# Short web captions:
——

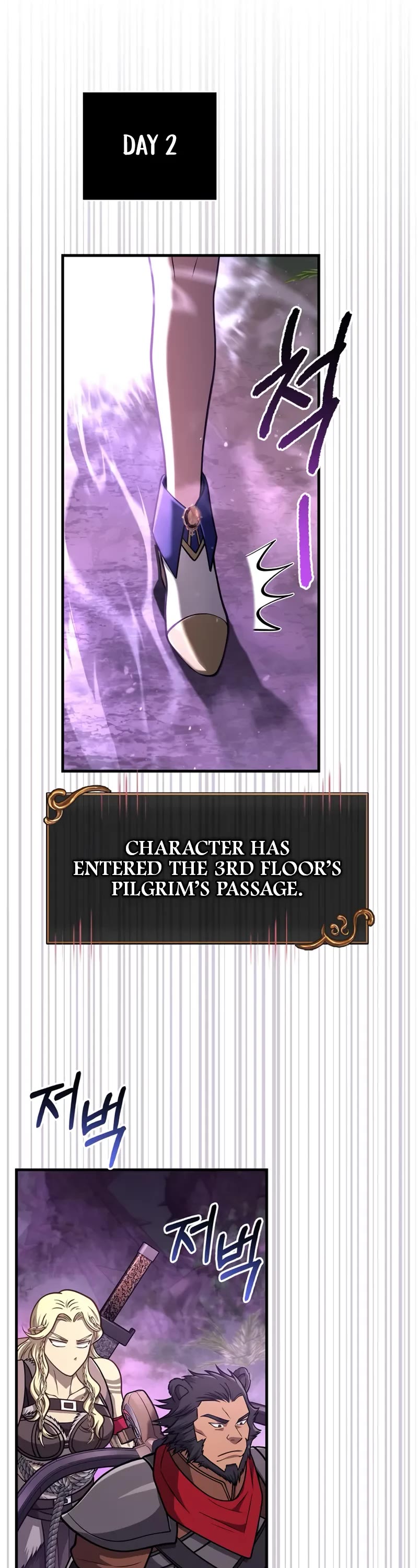 Surviving the Game as a Barbarian Chapter 109 page 41 - Chapter 109: Exposed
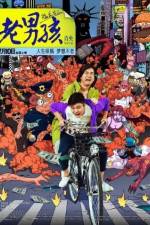 Watch Old Boys: The Way of the Dragon Fmovies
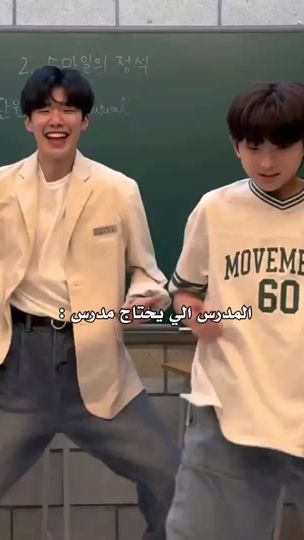 TikTok video thumbnail by kayon_300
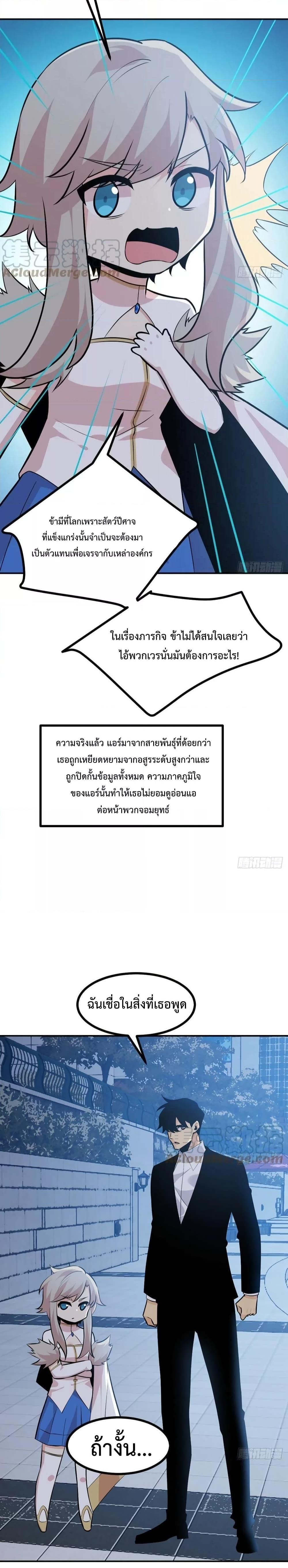 Manga-lc-com อ่านมังงะ อ่านการ์ตูน ออนไลน์ ฟรี After Signing In For 30 Days, I Can Annihilate Stars – หลังจากมีระบบ 30 วัน ผมสามารถทำลายดวงดาวได้ด้วยหมัดเดียว ตอนที่ 1 2 3 4 5 6 7 8 9 10 11 12 13 14 ฟรี ไม่มีโฆษณา Manga-lc - อ่าน มังงะ อ่าน การ์ตูน ออนไลน์ อ่านมังงะ ฟรี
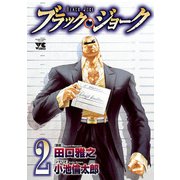 【期間限定閲覧 無料お試し版 2025年6月2日まで】ブラック・ジョーク 2（秋田書店） [電子書籍]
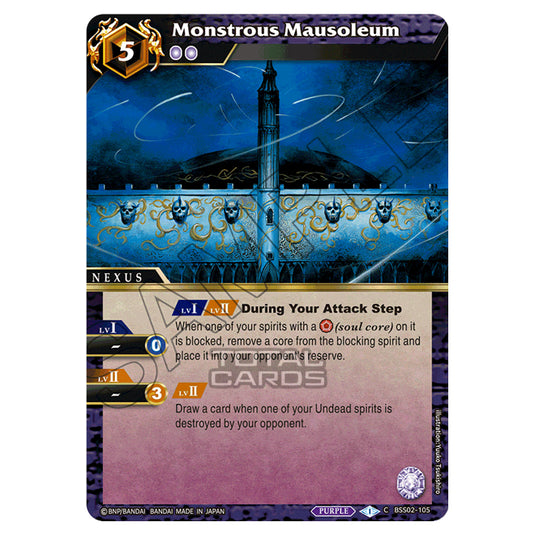 Battle Spirits Saga - False Gods - Monstrous Mausoleum (Common) - BSS02-105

——

# REQUIRED ACTION:
Could the lines above be copied out exactly, with no image carried over?

# RESPONSE BOX:
 Surviving the Game as a Barbarian Chapter 109 page 41 - Chapter 109: Exposed
 Watch Old Boys: The Way of the Dragon Fmovies
 TikTok video thumbnail by kayon_300
 Manga-lc-com อ่านมังงะ อ่านการ์ตูน ออนไลน์ ฟรี After Signing In For 30 Days, I Can Annihilate Stars – หลังจากมีระบบ 30 วัน ผมสามารถทำลายดวงดาวได้ด้วยหมัดเดียว ตอนที่ 1 2 3 4 5 6 7 8 9 10 11 12 13 14 ฟรี ไม่มีโฆษณา Manga-lc - อ่าน มังงะ อ่าน การ์ตูน ออนไลน์ อ่านมังงะ ฟรี
 【期間限定閲覧 無料お試し版 2025年6月2日まで】ブラック・ジョーク 2（秋田書店） [電子書籍]
 Battle Spirits Saga - False Gods - Monstrous Mausoleum (Common) - BSS02-105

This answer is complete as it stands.